Tausende Griechen erschleichen sich weiter Pensionen

In Griechenland erschleichen sich Bürger trotz intensiver Kontrollen weiter hohe Zuschüsse und Pensionen. Die Behörden können für jede zehnte Pension nicht sicher feststellen, ob sie rechtmäßig ist und an wen sie genau ausgezahlt wird. Dies gestand am Mittwoch der Chef der Behörde, die die Bücher der Pensionskassen prüft, im griechischen Radio. "Etwa bei jeder zehnten Pension kann nicht richtig verifiziert werden, an wen sie denn geht", sagte Charis Theocharis.
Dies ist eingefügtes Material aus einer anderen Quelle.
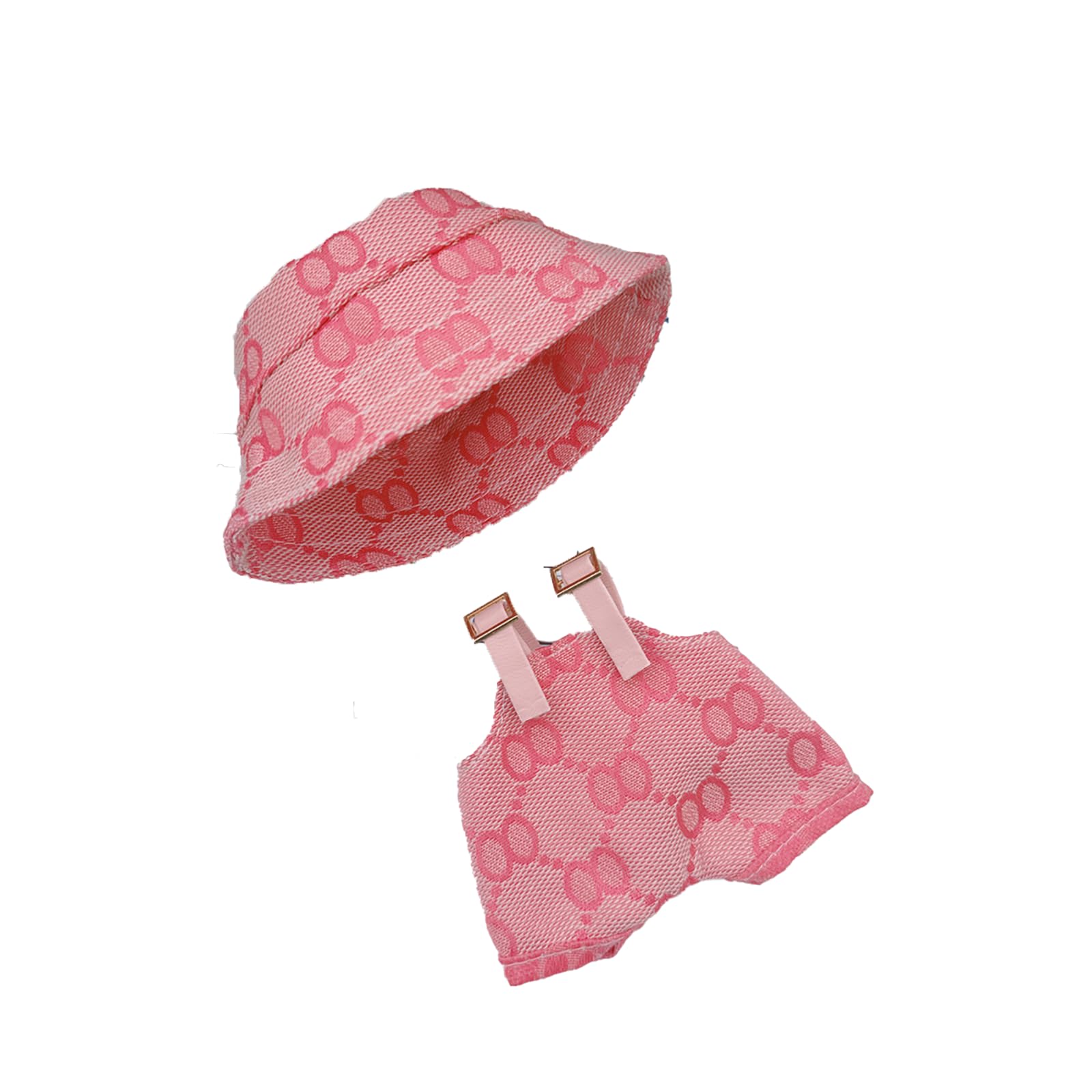 for Labubu Clothes, 2 Set Doll Clothes for Labubu Outfits Adorable Lububu Accessories Stylish Exquisite Unique Designer Clothing for La bubu Luxury Hat & Overalls Suit,Red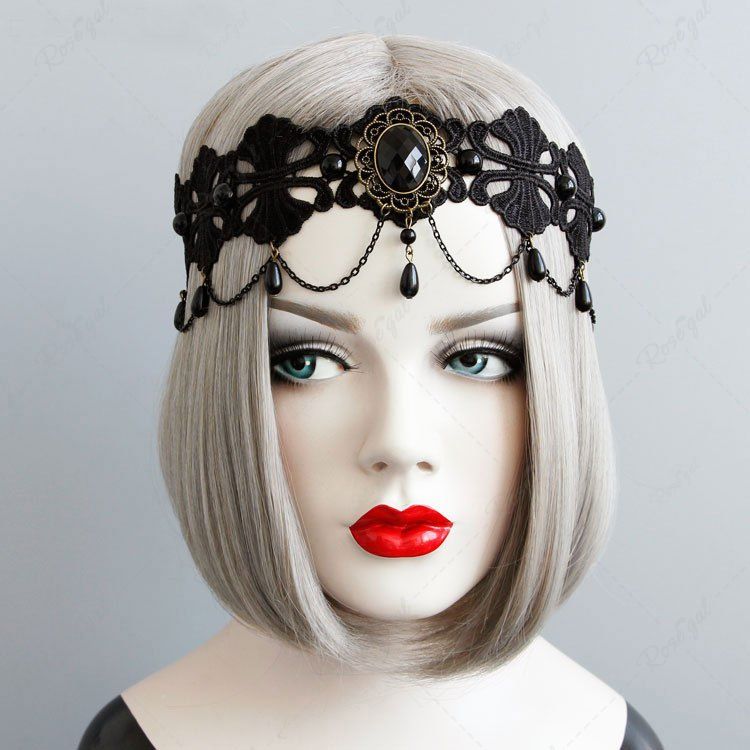 Accessoires de Cheveux Bandeau Gothique en Dentelle avec Strass Noir 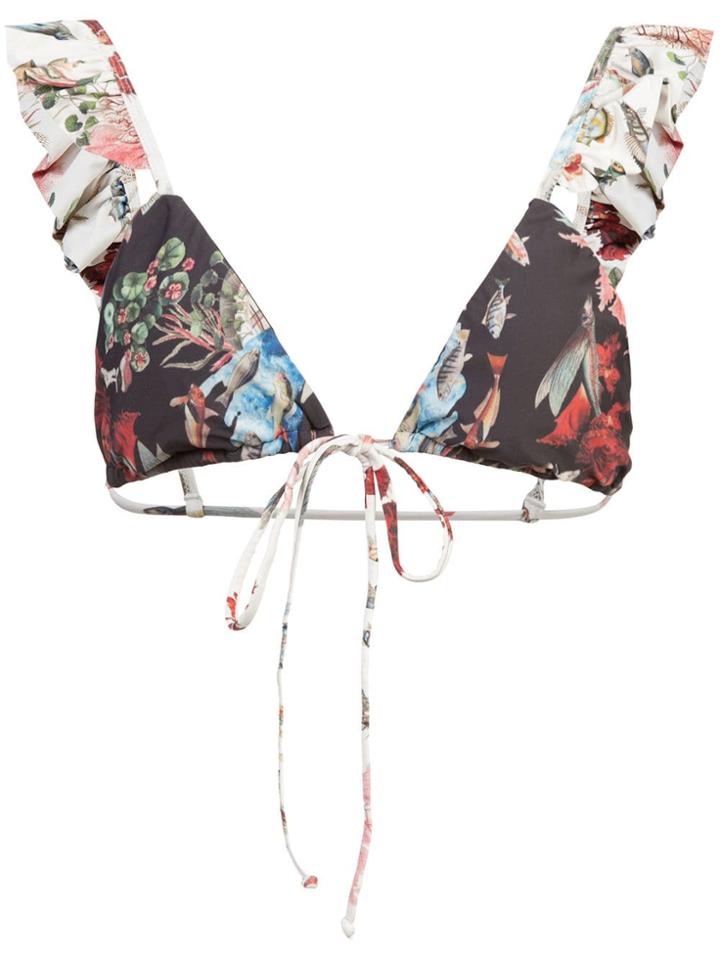 Patbo Fish Print Ruffle String Bikini Top - Black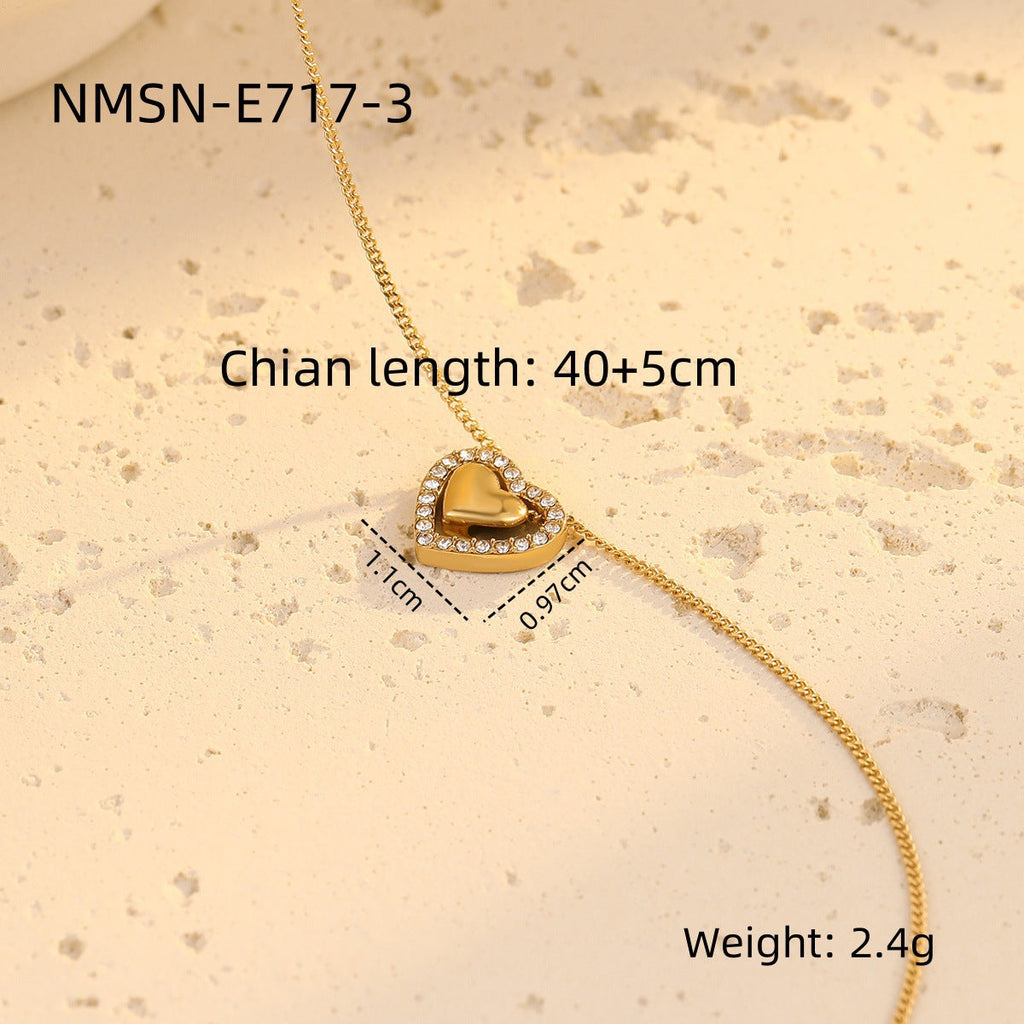 Valentine Day Love Stainless Steel Necklace Light Luxury High Grade Titanium Steel Peach Heart Clavicle Chain Sold Jewelry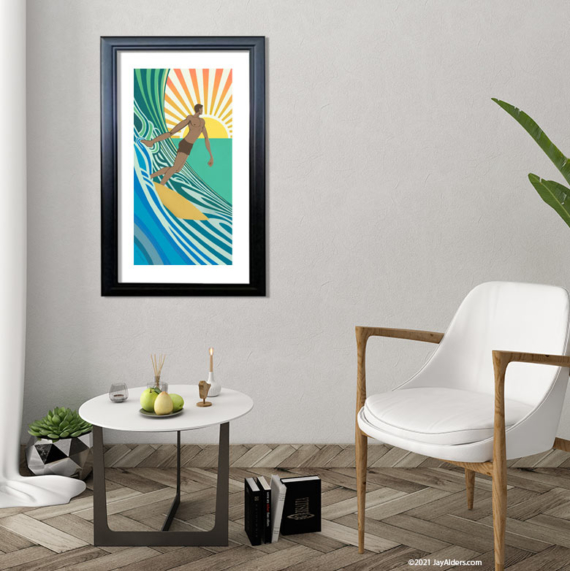 framed art print of a stylized surfer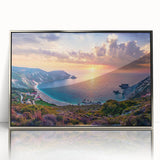 Large art print of a European Greek scenery in muted earth tones on a framed acrylic, suitable for modern art wall decor.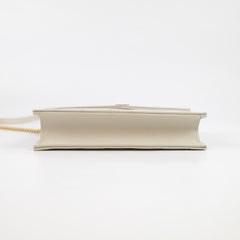 Saint Laurent Cassandre Envelope Chain Wallet Calfskin White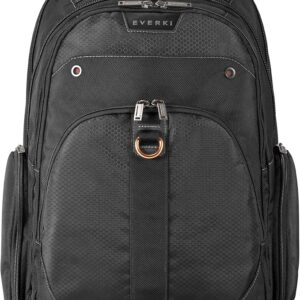 Everki Atlas Business Laptop Backpack - Women's or Men's Backpack for Work with 13" - 17.3" Adjustable Compartment, 32L Capacity - Travel Friendly Office Backpack Laptop Bag (EKP121), Black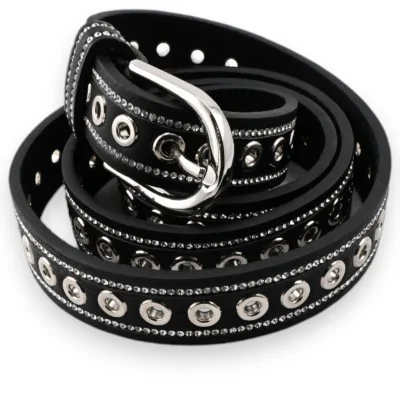 Cintura nera da donna con borchie e strass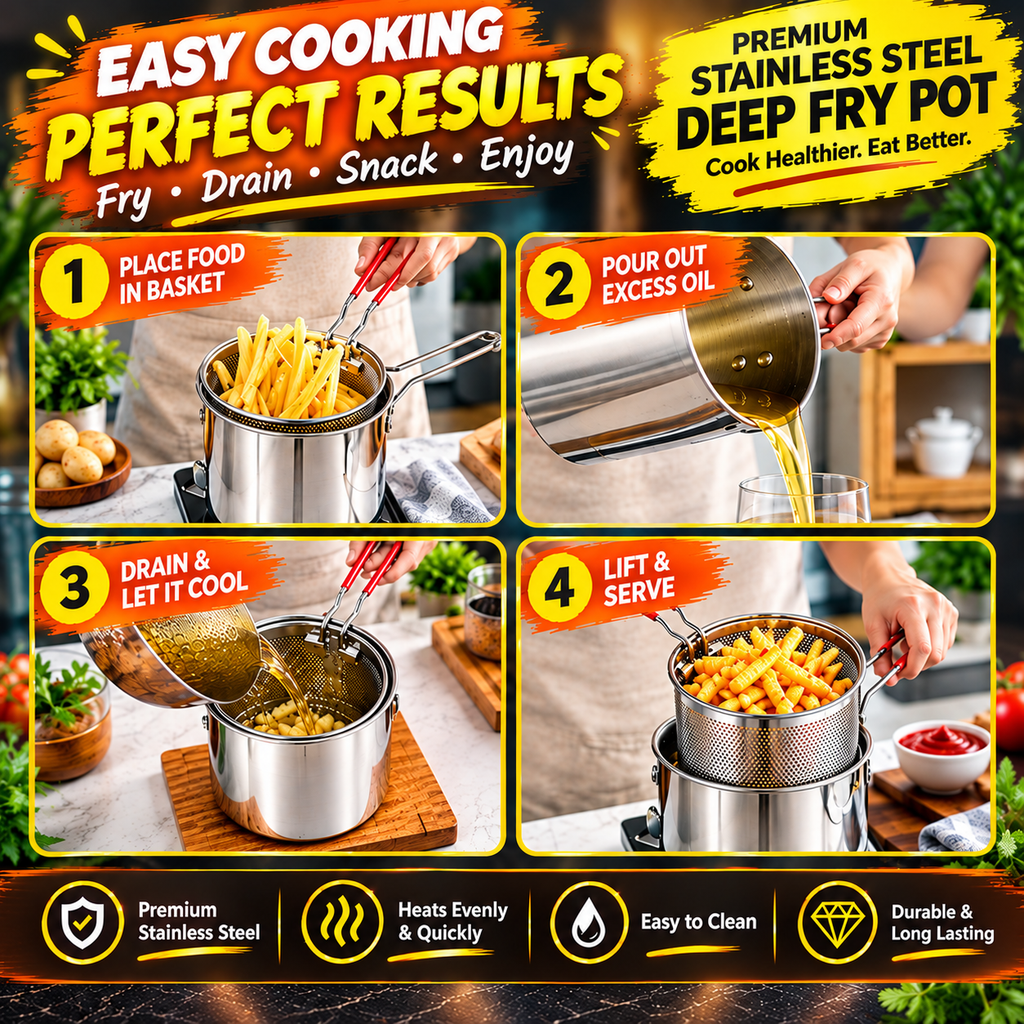 Deep Fry Oil Pot 1.4 L | Stainless Steel - (IMPORTED)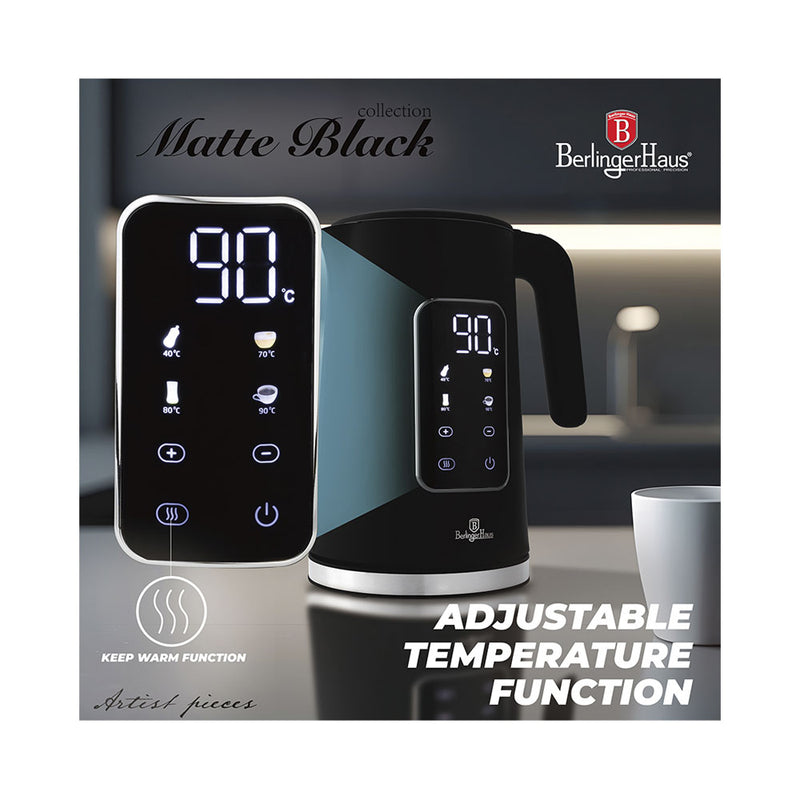 Berlinger Haus Küchenbedarf Haus Wasserkocher mit Digitalanzeige Black Vantage Collection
Neue Kontrollen sollen nun klären, "was Sache ist", so Theocharis. Nach einer Verordnung des Arbeitsministeriums müssen alle Pensionskassen bis zum 17. August detaillierte Listen mit den Pensionen vorlegen, bei denen es Zweifel gibt.

Auch Ärzte im Visier
Unterdessen ordnete die Staatsanwaltschaft von Athen umfangreiche Kontrollen in allen Regionen des Landes an. Alle diejenigen, die sich Pensionen oder Zuschüsse erschleichen, sollen sofort zur Rechenschaft gezogen werden, so die Staatsanwaltschaft. Die Ermittlungen richten sich nicht nur gegen die Bezieher der Pensionen und Zulagen, sondern auch gegen Kassenangestellte und Ärzte, die für die Bewilligung verantwortlich waren. Neben Einsparungen erhofft man sich auch Einnahmen durch mögliche Rückzahlungen.

"Blinden-Check" auf Zakynthos
Die Behörden nehmen außerdem auch angeblich Blinde ins Visier. Kontrolleure haben auf der Ionischen Insel Zakynthos festgestellt, dass statt den offiziell 700 Betroffenen tatsächlich nur 60 blind waren. Zu ähnlichen Ergebnisse kam es auch auf der Insel Chios im östlichen Mittelmeer.